Grgurevci (Гргуревци) is a village in Serbia. It is situated in the Sremska Mitrovica municipality, Syrmia District, Vojvodina province. The village has a Serb ethnic majority and, according to the census, had a population of 1,312 people as of 2002.

==Name==
In Serbian, the village is known as Grgurevci (Гргуревци), in Croatian as Grgurevci, and in Hungarian as Szentgergely. Its name derived from Serbian personal name Grgur. The name of the village in Serbian is plural.

==History==

During World War II, the fascists executed the entire adult male population of this village. On June 6, 1942 the local Volksdeutche squads encircled the village forbidding any movements of the locals. At noon, all males of Serbian ethnicity were ordered to gather in front of the municipality house. Those who disobeyed were brought by force.

On this occasion local citizen Ranko Mišković-Dunja was severely beaten in retaliation for his two brothers being members of the resistance movement.

The group was taken on foot for a few hours to Orašje brick-clay quarry.

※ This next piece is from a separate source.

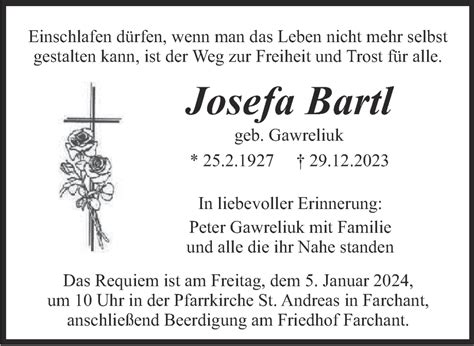 Traueranzeigen Von Josefa Bartl Trauer Merkur De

A few boys were released for being children. Between 257 and 260 local male Serbs and a few Serb women were executed.

The testimonies mention local Germans who took part in the crime: Franja Nič, officer Reihner, Peter Weiner, Đura Herzeg (the mayor), and Adam Tajbli. Weiner is also remembered for putting a clod of calx in the mouth of Svetislav Crnić after finding him still breathing among the executed bodies. After that he shot him with three hits and hit the body with his foot.

==Historical population==

- 1961: 1,371
- 1971: 1,452
- 1981: 1,405
- 1991: 1,319

==Family names of the villagers==

Some of the prominent families in the village include: Ćorić, Ćurčić, Grabovački, Ivković, Jovešković, Kalabić, Lalović, Lođinović, Ostojić, Paunović, Pavlović, Perić, Petković, Popadić, Radosavljević, Ranitović, Ristić, Sanadrović, Simić, Stanković, Tejić, Udilović, Vidaković, Vasilić, Vesić, Vesković, Vozarević, Vuković, Zarin, etc.